Java regular expression boundary match?

Question

I found the following question in one Java test suite

    Pattern p = Pattern.compile("[wow]*");
    Matcher m = p.matcher("wow its cool");
    boolean b = false;
    while (b = m.find()) {
        System.out.print(m.start() + " \"" + m.group() + "\" ");
    }

where the output seems to be as follows

0 "wow" 3 "" 4 "" 5 "" 6 "" 7 "" 8 "" 9 "oo" 11 "" 12 ""

Up till the last match it is clear, the pattern [wow]* greedily matches 0 or more 'w' and 'o' characters, while for unmatching characters, including spaces, it results in empty strings. However after matching the last 'l' with 11 "", the following 12 "" seems to be unclear. There is no detailing for this in the test solution, nor I was really able to definitely figure it out from javadoc. My best guess is boundary character, but I would appreciate if someone could provide an explanation

Answer 1

The reason that you see this behavior is that your pattern allows empty matches. In other words, if you pass it an empty string, you would see a single match at position zero:

Pattern p = Pattern.compile("[wow]*"); // One of the two 'w's is redundant, but the engine is OK with it
Matcher m = p.matcher("");             // Passing an empty string results in a valid match that is empty
boolean b = false;
while (b = m.find()) {
    System.out.print(m.start() + " \"" + m.group() + "\" ");
}

this would print 0 "" because an empty string is as good a match as any other match for the expression.

Going back to your example, every time the engine discovers a match, including an empty one, it advances past it by a single character. "Advancing by one" means that the engine considers the "tail" of the string at the next position. This includes the time when the regex engine is at position 11, ie at the very last character: here, the "tail" consists of an empty string. This is similar to calling "wow its cool".substring(12) : you would get an empty string in that case as well.

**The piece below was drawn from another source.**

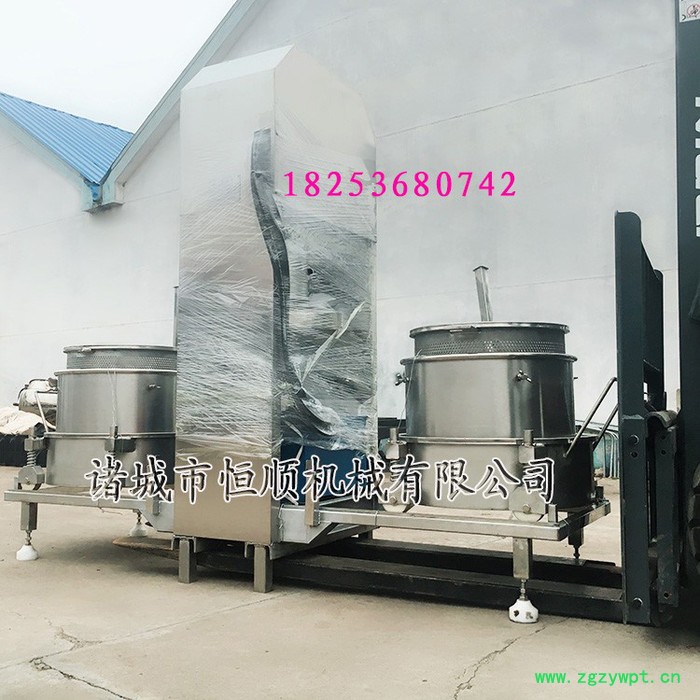 面膜内容物挤压析出过滤设备 面膜布次品挤压脱水机 药用碘酒棉花脱水压滤设备图5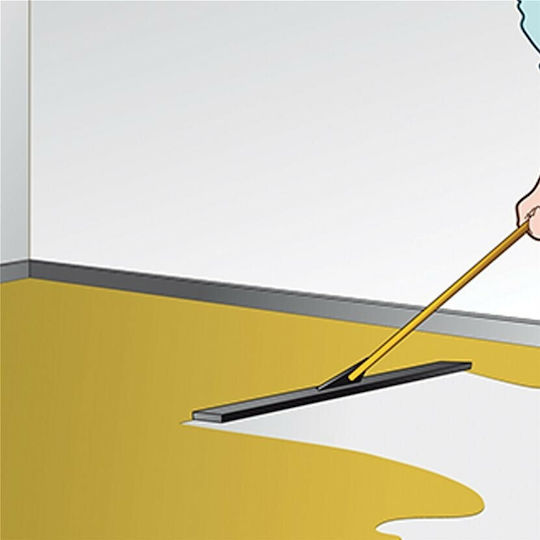 Durostick D-65 Self-leveling Rapid Set Floor Smoothing Cement 1-10 mm 25kg ΝΤ6525 25kg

The engine consider an empty string a valid input, and tries to match it against your expression, as shown in the example above. This produces a match, which your program properly reports.

Answer 2

• [wow]* Matches the first wow string. count = 1

• Because of the * ( zero or more ) next to the character class, [wow]* this regex would match an empty string which exists before the character which is not matched by the above pattern. So it matches the boundary or empty space which exists just before to the first space. Count = 2.

• its is not matched by the above regex . So it matches the empty string which exists before each character. So count is 2+3=5 .

• And also the second space is not matched by the above regex. So we get an empty string as match. 5+1=6

• c is not matched by the above regex. So it matches the empty space which exists just before to the c 6+1=7

• oo is matched by the above regex. [wow]* . So it matches oo and this is considered as 1 match . So we get 7+1=8 as count.

• l is not matched. Count = 9

• At the last it matches the empty string which exists next to the last character. So now the count is 9+1=10

• And finally we all know that the m.start() prints the starting index of the corresponding match.

DEMO

Answer 3

The regex is simply matching the pattern against the input, starting at a given offset. For the last match, the offset of 12 is at the point after the last character of 'cool' - you might think this is the end of the string and therefore cannot be used for matching purposes - but you'd be wrong. For pattern-matching, this is a perfectly valid starting point.

As you state, your regex expression includes the possibility of zero characters and indeed, this is what happens after the end of the last character, but before the end-of-string marker (usually represented by $ in a regex expression).

To put it another way, without testing past the end of the last character, it would mean no matches would ever occur relating to the end of the string - but there are many regex constructs that match the end of the string (and you've shown one of them here).